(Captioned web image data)
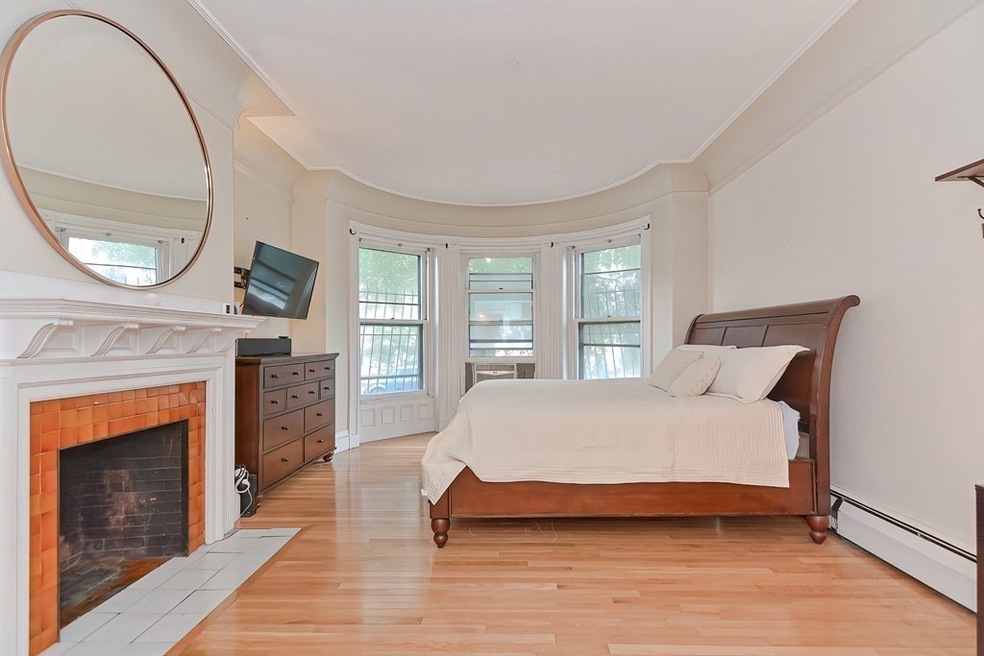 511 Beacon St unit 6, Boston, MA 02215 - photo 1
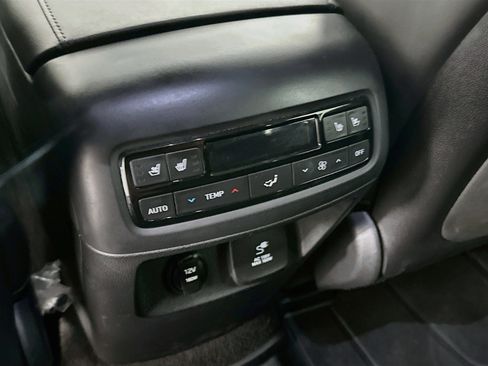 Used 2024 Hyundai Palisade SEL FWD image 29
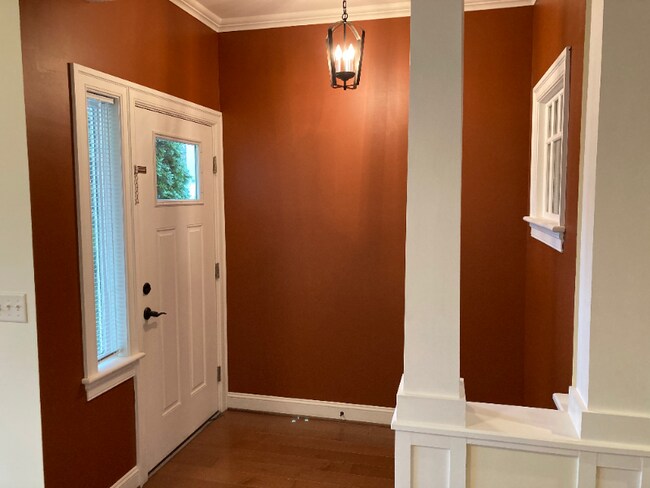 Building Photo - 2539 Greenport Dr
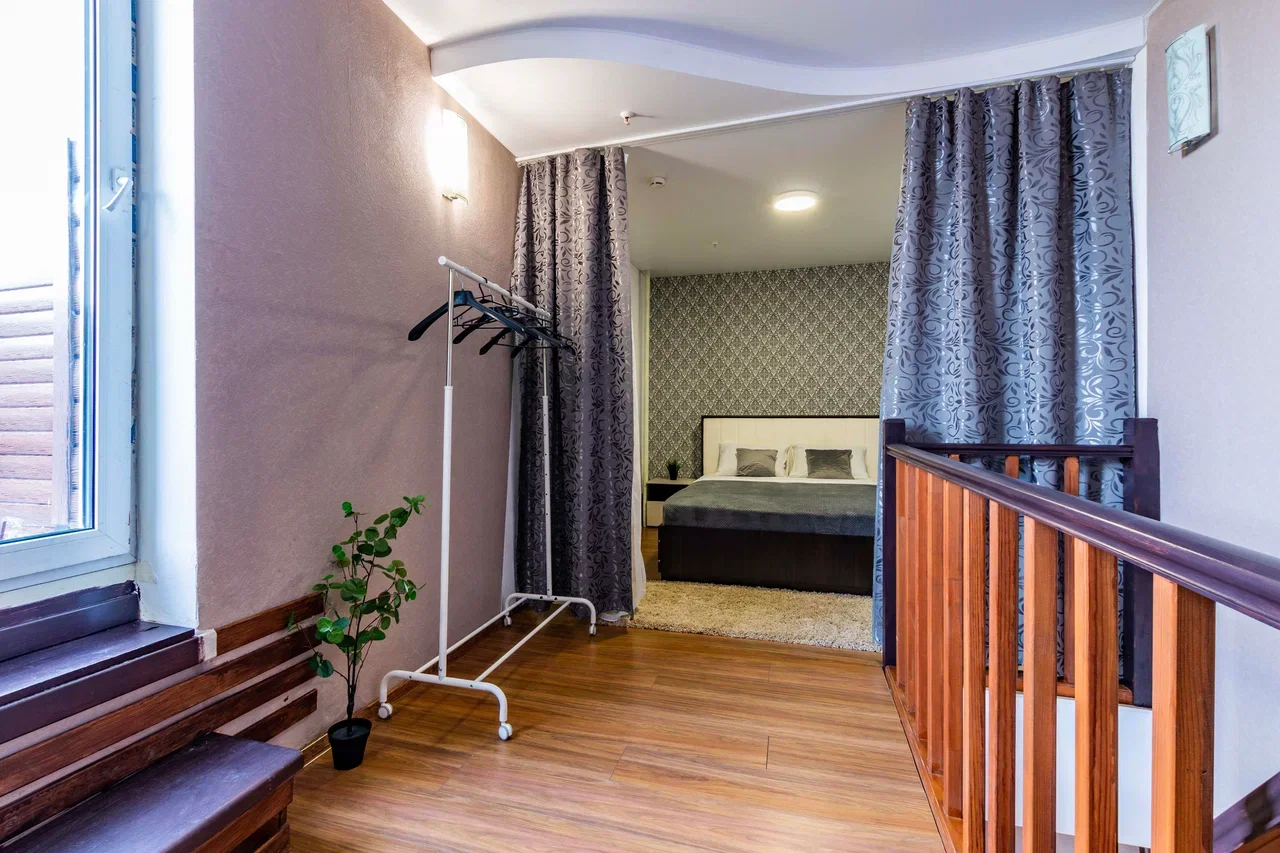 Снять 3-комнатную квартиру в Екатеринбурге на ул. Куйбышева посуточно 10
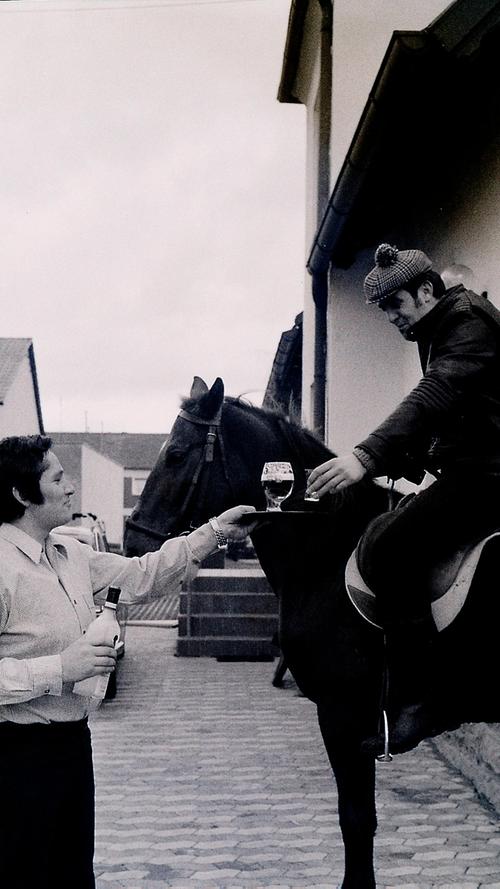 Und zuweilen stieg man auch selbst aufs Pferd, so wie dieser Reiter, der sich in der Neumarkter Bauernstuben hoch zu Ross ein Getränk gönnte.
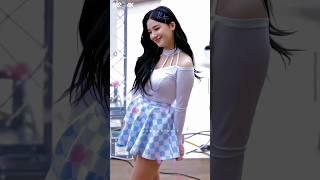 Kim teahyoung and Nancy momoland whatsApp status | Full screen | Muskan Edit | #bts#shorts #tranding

Task to complete: In the reply, give again exactly the lines from the beginning of the entries above through the line with "Und zuweilen stieg"; pictures stay out.

Answer for the task:
 511 Beacon St unit 6, Boston, MA 02215 - photo 1
 Used 2024 Hyundai Palisade SEL FWD image 29
 Building Photo - 2539 Greenport Dr
 Снять 3-комнатную квартиру в Екатеринбурге на ул. Куйбышева посуточно 10
 Und zuweilen stieg man auch selbst aufs Pferd, so wie dieser Reiter, der sich in der Neumarkter Bauernstuben hoch zu Ross ein Getränk gönnte.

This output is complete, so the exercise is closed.